Below are some records. Return exactly the lines from the one containing "Lcc - Centralissimo" through the one containing "Embargo Bracelet", both included, and only those.

DATA:
___
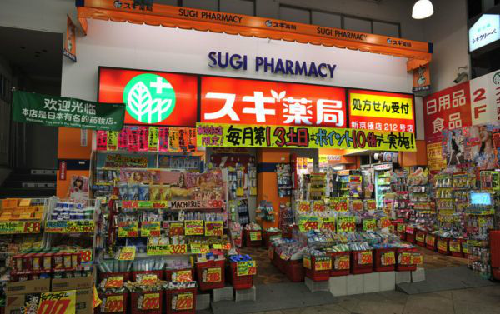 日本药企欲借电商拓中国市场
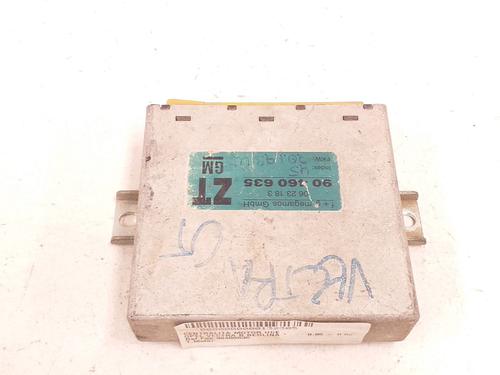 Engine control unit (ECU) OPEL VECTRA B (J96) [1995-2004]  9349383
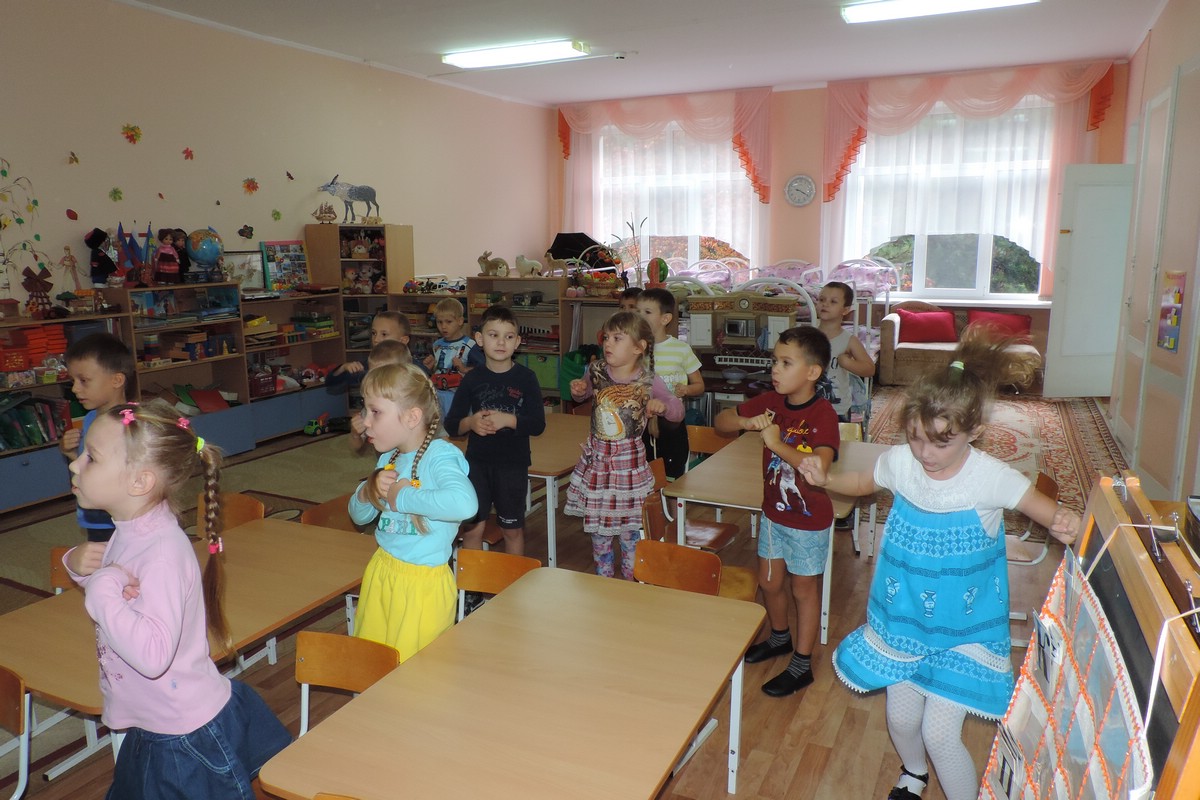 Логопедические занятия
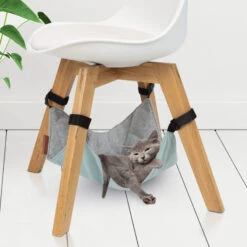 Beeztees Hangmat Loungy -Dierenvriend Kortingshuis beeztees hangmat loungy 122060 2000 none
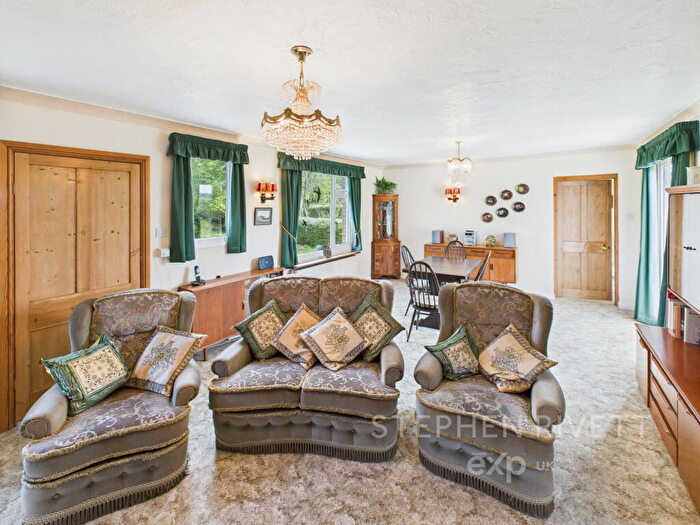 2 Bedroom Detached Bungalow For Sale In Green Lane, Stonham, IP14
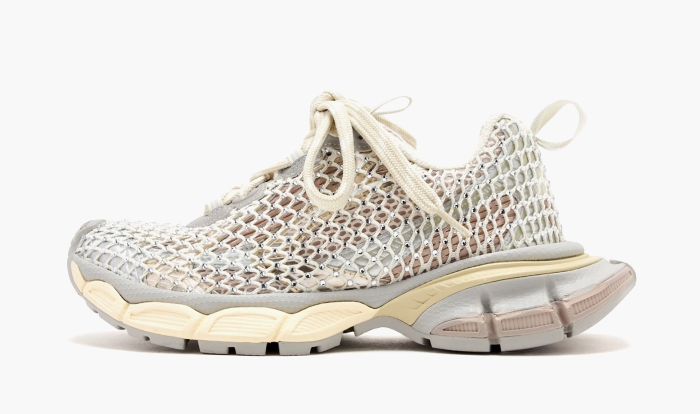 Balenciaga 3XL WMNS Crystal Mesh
___
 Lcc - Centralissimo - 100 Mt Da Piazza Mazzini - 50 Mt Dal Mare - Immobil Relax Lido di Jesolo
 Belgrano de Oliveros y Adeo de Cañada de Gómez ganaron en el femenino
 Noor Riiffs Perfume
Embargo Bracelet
___
SOLVED PROBLEM:
 Lcc - Centralissimo - 100 Mt Da Piazza Mazzini - 50 Mt Dal Mare - Immobil Relax Lido di Jesolo
 Belgrano de Oliveros y Adeo de Cañada de Gómez ganaron en el femenino
 Noor Riiffs Perfume
Embargo Bracelet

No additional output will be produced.